Elen shook his head. “Poison kills. We would be dead if you poisoned us, as well as mother if what you say is true.”
Shota sighed. “It was a special kind of poison,” he clenched his jaw. “One of enchantment.”
“Magic?” asked Elen.
Shota smirked at the new word everyone was now calling Pandora to be. “Pandora is not magic, it’s power.”
Elen frowned where he lay. “It’s not called that anymore. You’re so far away from us it probably haven’t come to you yet.” he muttered. “We call Pandora magic now.”
“Well, whatever it is, I created the poison from it.”
Elen went silent then, listening.
Shota began his story.
“Shota? Shota!” shouted a voice close to his ear. Shota opened his eyes again to see Elen hovering over him, face unreadable in the dim light of the abandoned building they’d taken refuge in.
The familiar sounds of gunshots and explosives, screams and grunts of the soldiers fighting outside, came back into his head like a song, and Shota remembered where he was.
He was not in his home with his family, his feet on that soft flooring his father so loved, with a bottle of “magic” poison in his hands.
He was not hurting his loved ones.
“Why am I on the floor?” he asked Elen. He noticed his bleeding shoulder was bandaged, realizing he’d fixed him earlier. Elen shook his head. “You were telling me stuff about how you tried to poison me and Haven before our births, but you blacked out all of a sudden. I thought you got shot by a stray bullet.”
Shota’s head felt cloudy. He sat up gingerly and looked over at Elen worriedly.
“What…What did I tell you?”
Elen seemed to shut down then. Finally, he spoke. “Everything I needed to know.”
Shota blinked, his stomach roiling with nerves.
“I’m sorry, Elen. About everything I did-”
“No you’re not.” Elen snapped. Then he stood, having Shota crane his neck to see him.
“If you were, you would have told us a long time ago. Instead you allowed Haven to think he was sickly and weak naturally, and you let me think I was too slow to live on my own. Well, look at me now, Shota-look at me now,”
Elen said loudly, and Shota did see.
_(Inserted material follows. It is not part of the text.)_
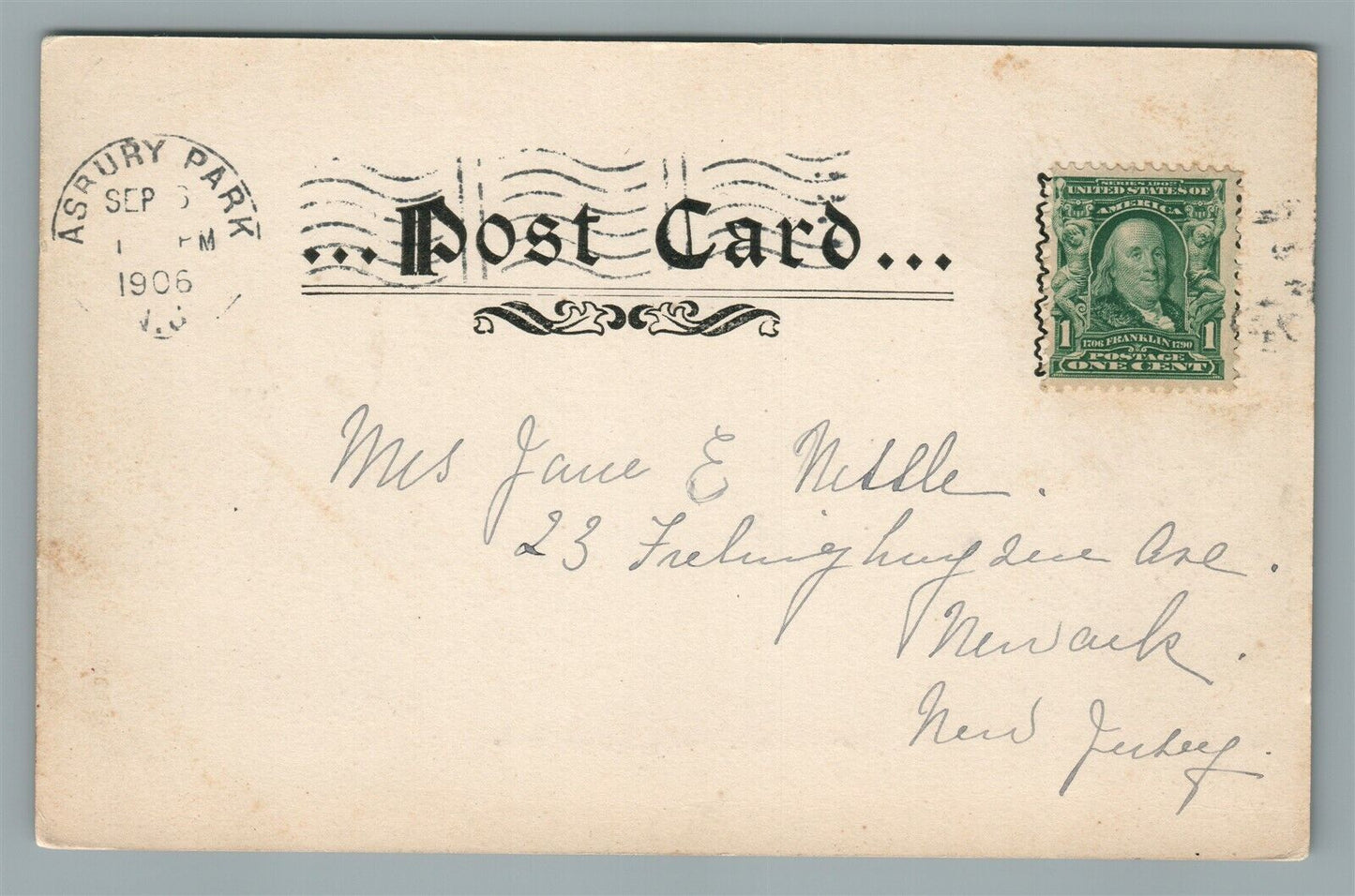 ASBURY PARK NJ DEAL LAKE 1906 ANTIQUE POSTCARD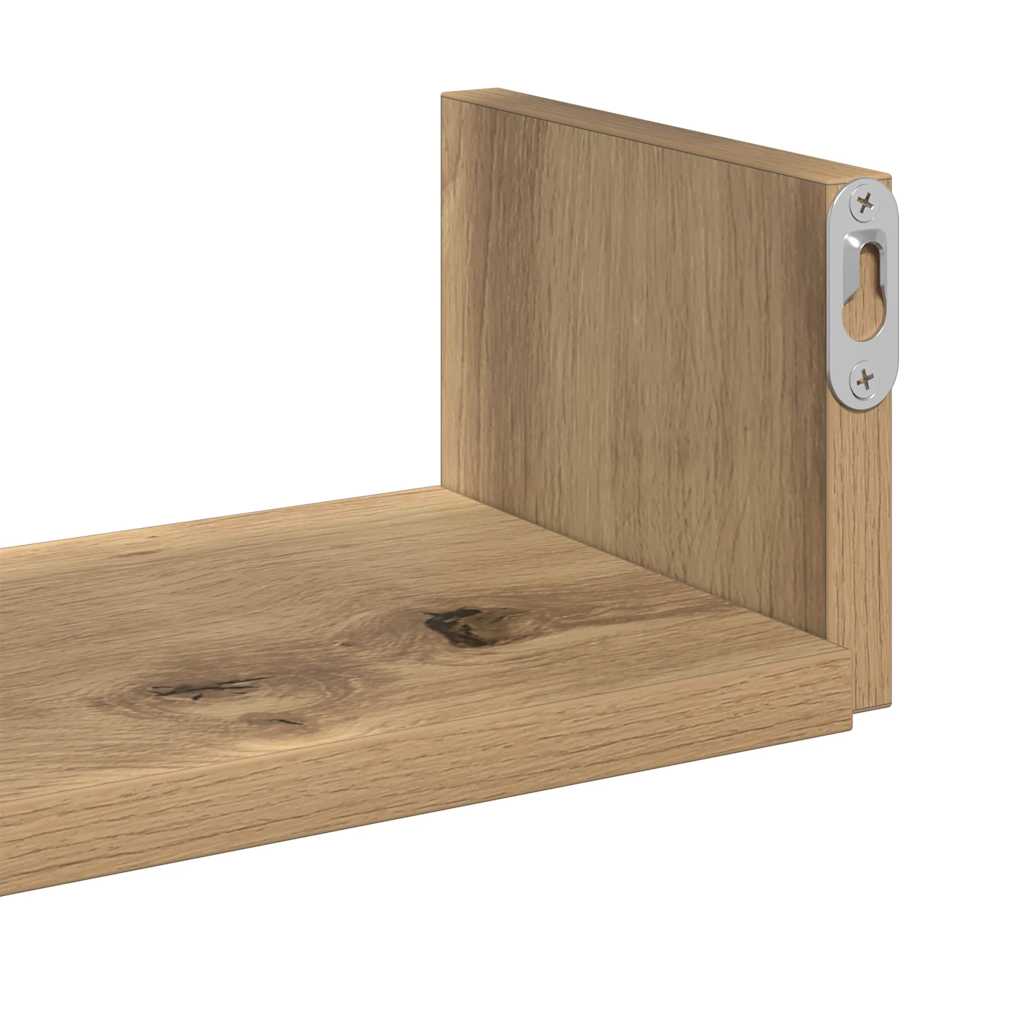 Mensole Parete 3pz Rovere Artigianale in Legno Multistrato | homemem39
He saw Elen as a soldier, not that little boy of pale skin and weak bones following him around anymore, or trying to keep up with his younger slightly healthier brother, Haven. He was standing on his own now.
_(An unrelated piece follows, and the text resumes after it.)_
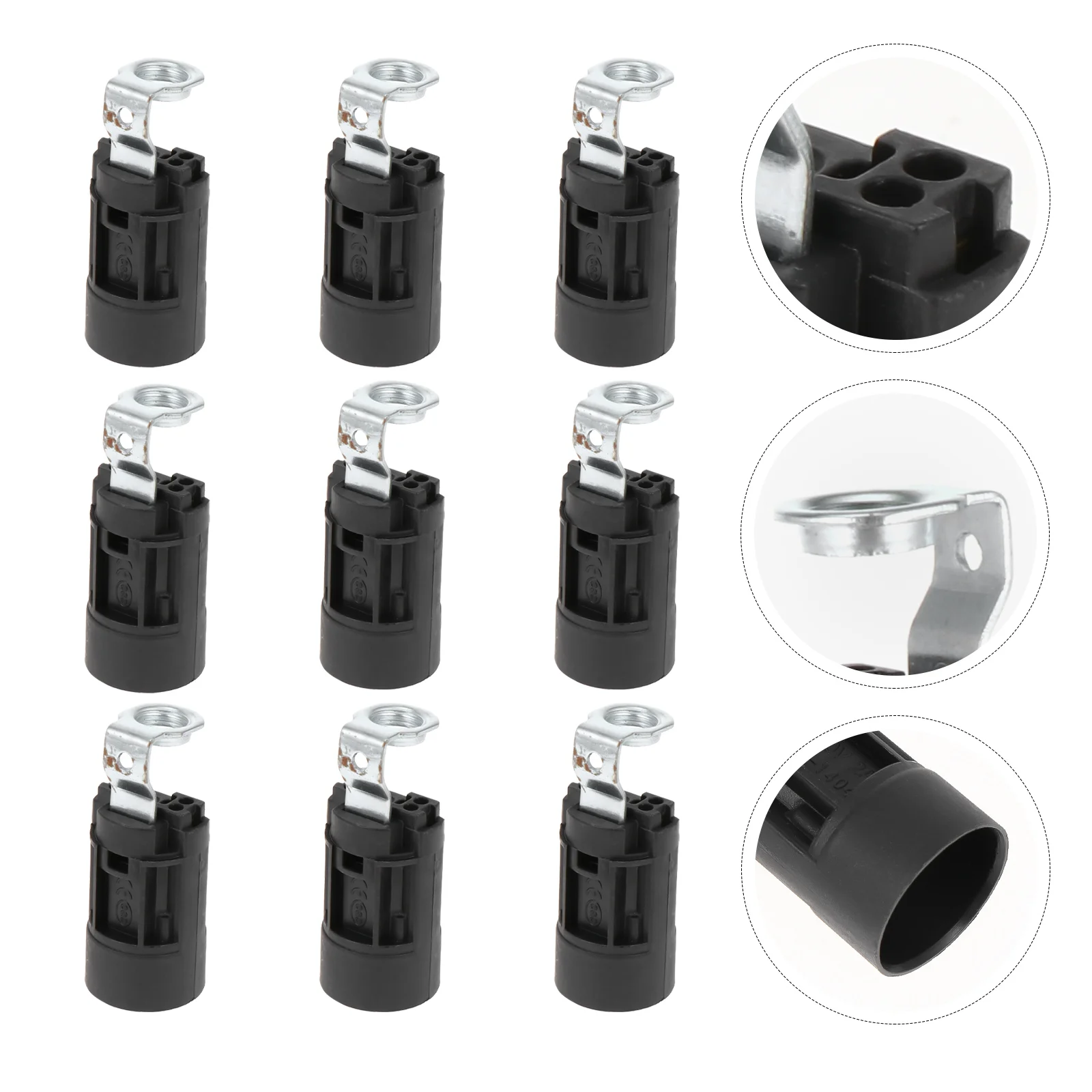 10 Pcs E14 Lamp Holder Chandelier Light Bulb Replacement Keyless Socket Kit Adapter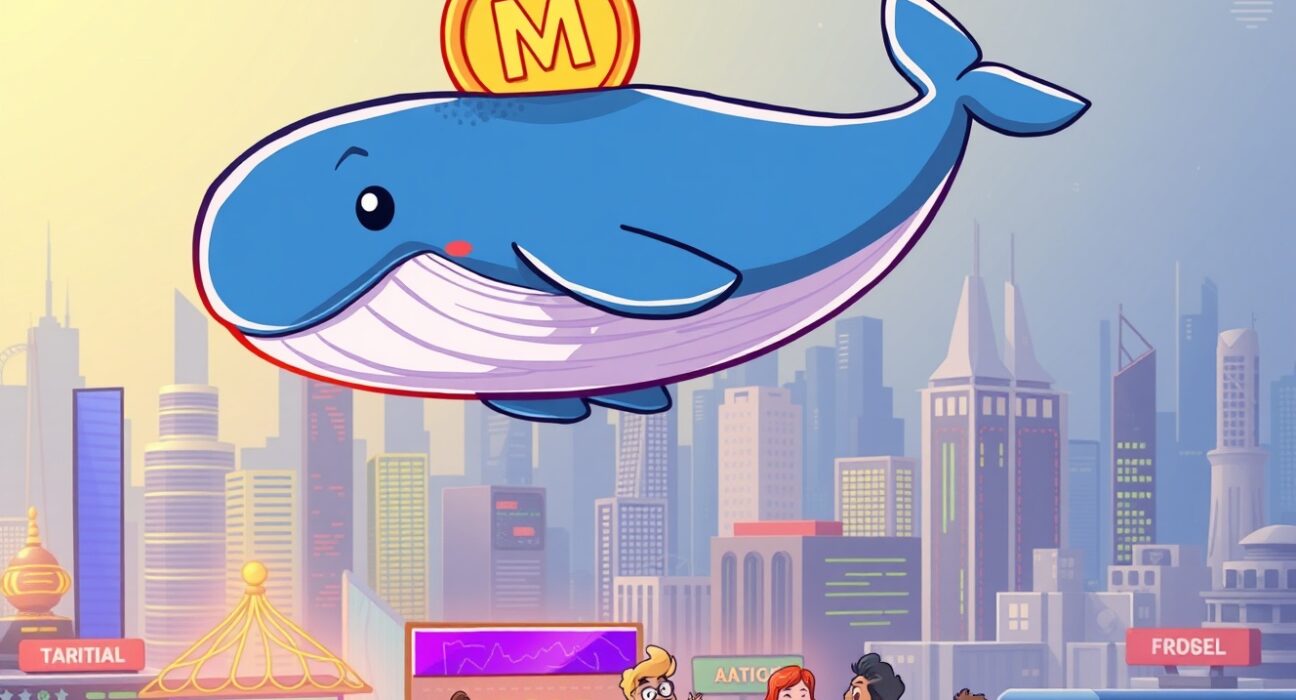 A cartoon whale excitedly observing Monad pre-market trading opportunities on a digital screen, symbolizing early investment potential.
Shota smiled. “Yes, I see you now, Elen. And you’re better than I am. You deserve to be called a Mercantos.”
“But,” said Elen sadly. It confused Shota. “That’s not good enough anymore.” He looked at Shota now, and Shota saw something different in Elen this time, something broken.
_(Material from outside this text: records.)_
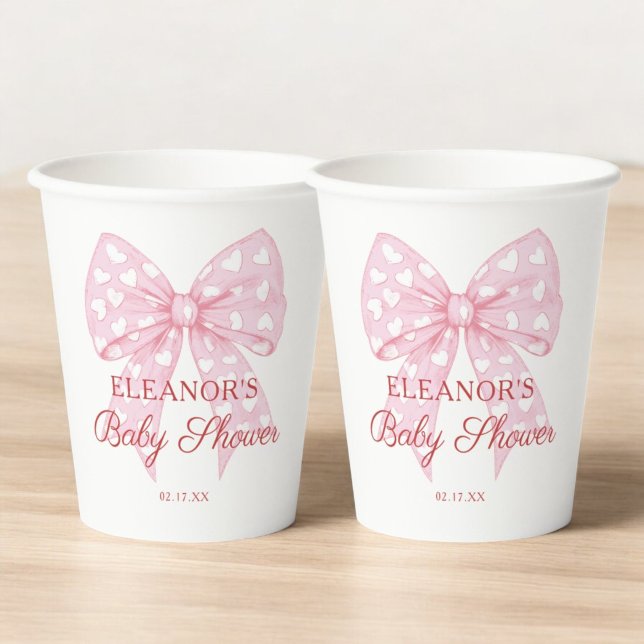 Pink Bow Sweetheart Girl Baby Shower Paper Cups (Creator Uploaded)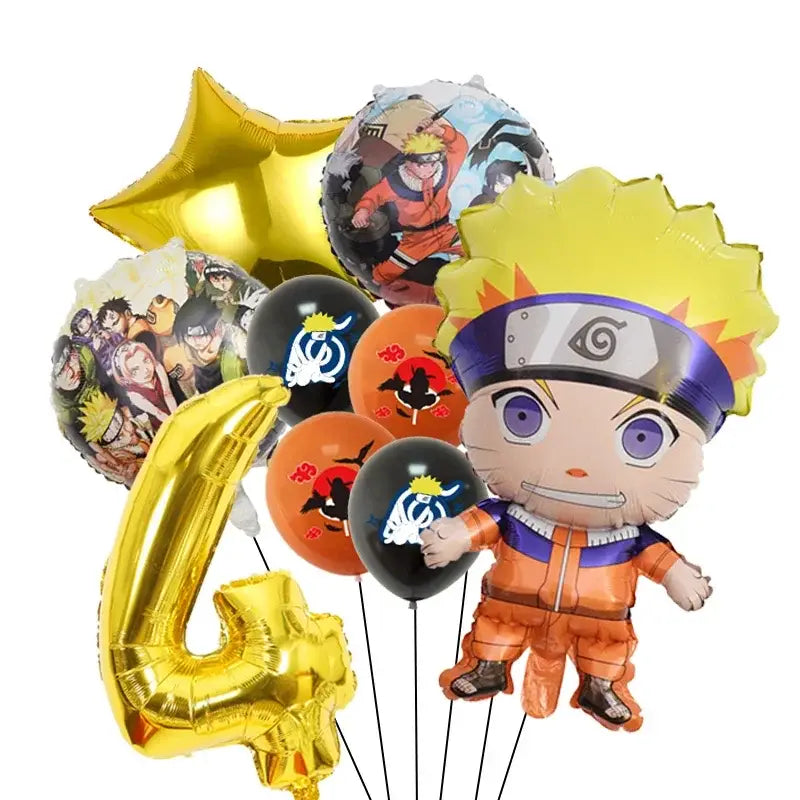 A shiny gold foil balloon shaped like the number four for naruto party supplies set with plates cups and napkins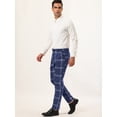 thumbnail image 4 of Pantalones de vestir a cuadros para hombre Lars Amadeus Azul L, 4 of 6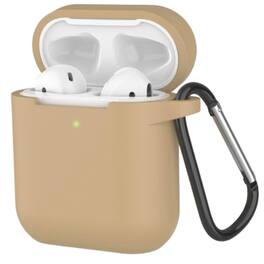 Home Collection - Khaki Shockproof Silicone Protective Case with Keychain for Apple AirPods 1 & 2 – Full Cover Protection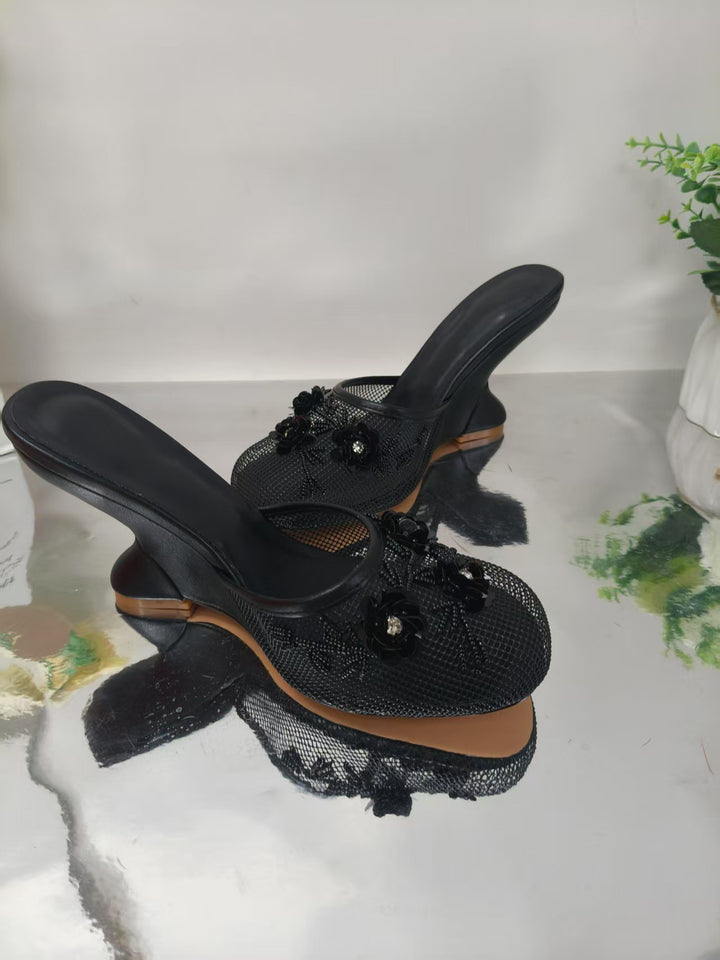 Femme Dekorative Netz-Mules med blomstermotiver Stilla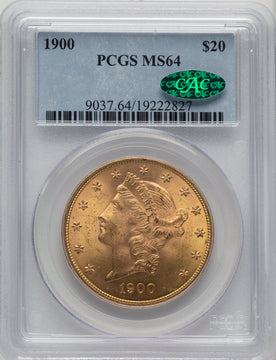 1900 $20 CAC Liberty Double Eagle PCGS MS64 (774284005)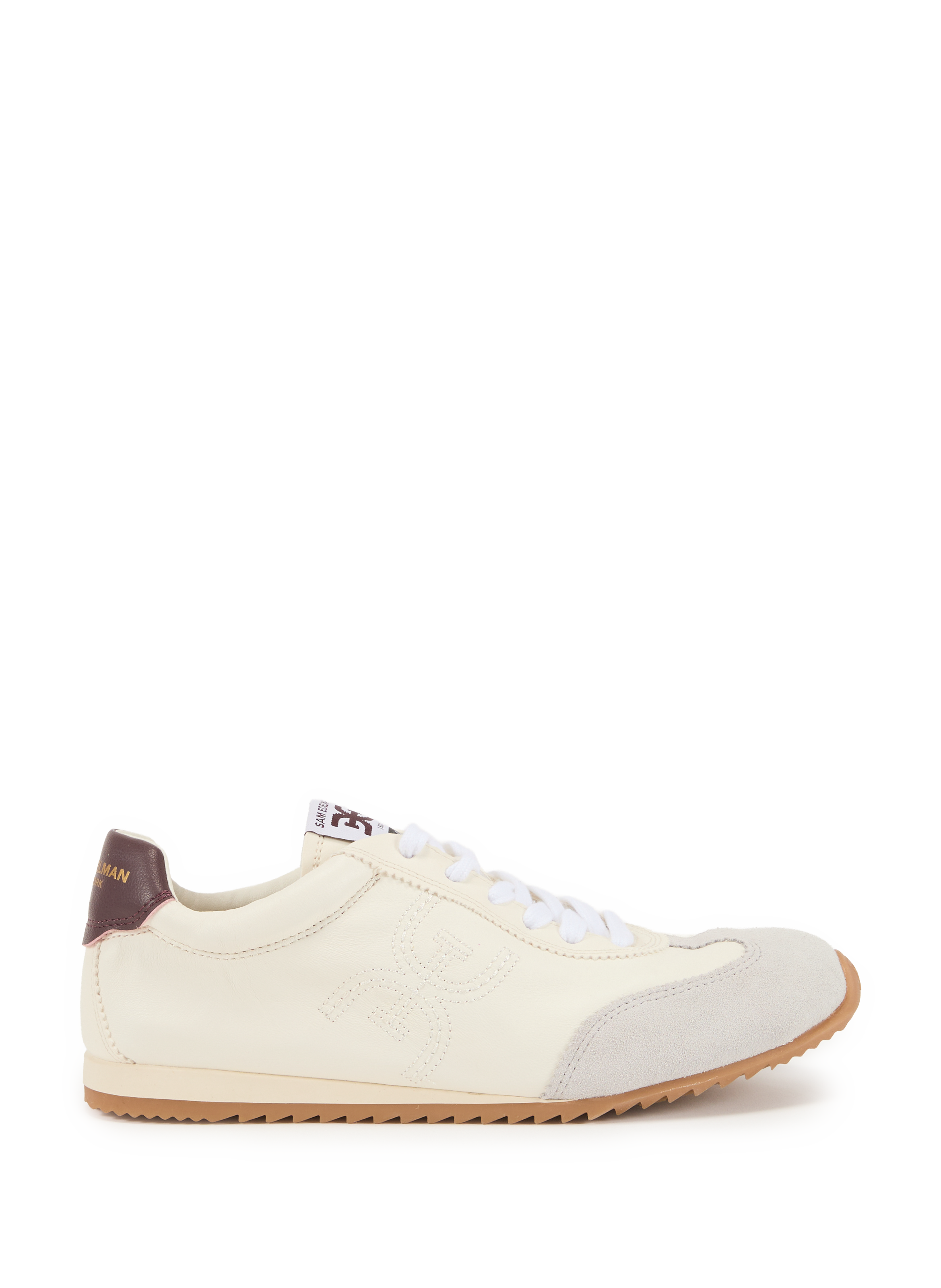 SAM EDELMAN Mixed leather low-top sneakers White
“This war is killing me, it’s breaking me down and creating me into something I’m not. All this time I thought there was something wrong with me, but it’s not is it? I’m acting irrational because of what you put inside me all those years ago.”
Shota felt his friend, guilt, bubble in his stomach. “I can’t change what’s done-”
“No, but you can save yourself from it.”
Shota perked at that, his eyes widened at his little brother. For so long he’d been trying to find some sort of redemption for his actions, but nothing could overcome the devastating truth that he tried to harm his brothers. His family.
Tears formed in his eyes. “How?” he rasped.
Elen’s golden eyes nearly closed. His right hand splayed, and small blue lightning skittered out and over his fingers as if in a dance. While dancing, the Pandora grew and stretched to nearly cover his arm. Blue light and the sound of low electricity filled the room. Shota’s eyes went wide.
Was he going to…?!
“Elen, please, I can’t die by your hand. I want to die fighting in the war, to bring myself peace for leaving your life-”
“Kill me.” Elen interrupted him. Shota stopped stuttering, blinking up at his brother. There was pain in his brother’s eyes. “What?”
Elen smiled one last time. “That is how you may redeem yourself.”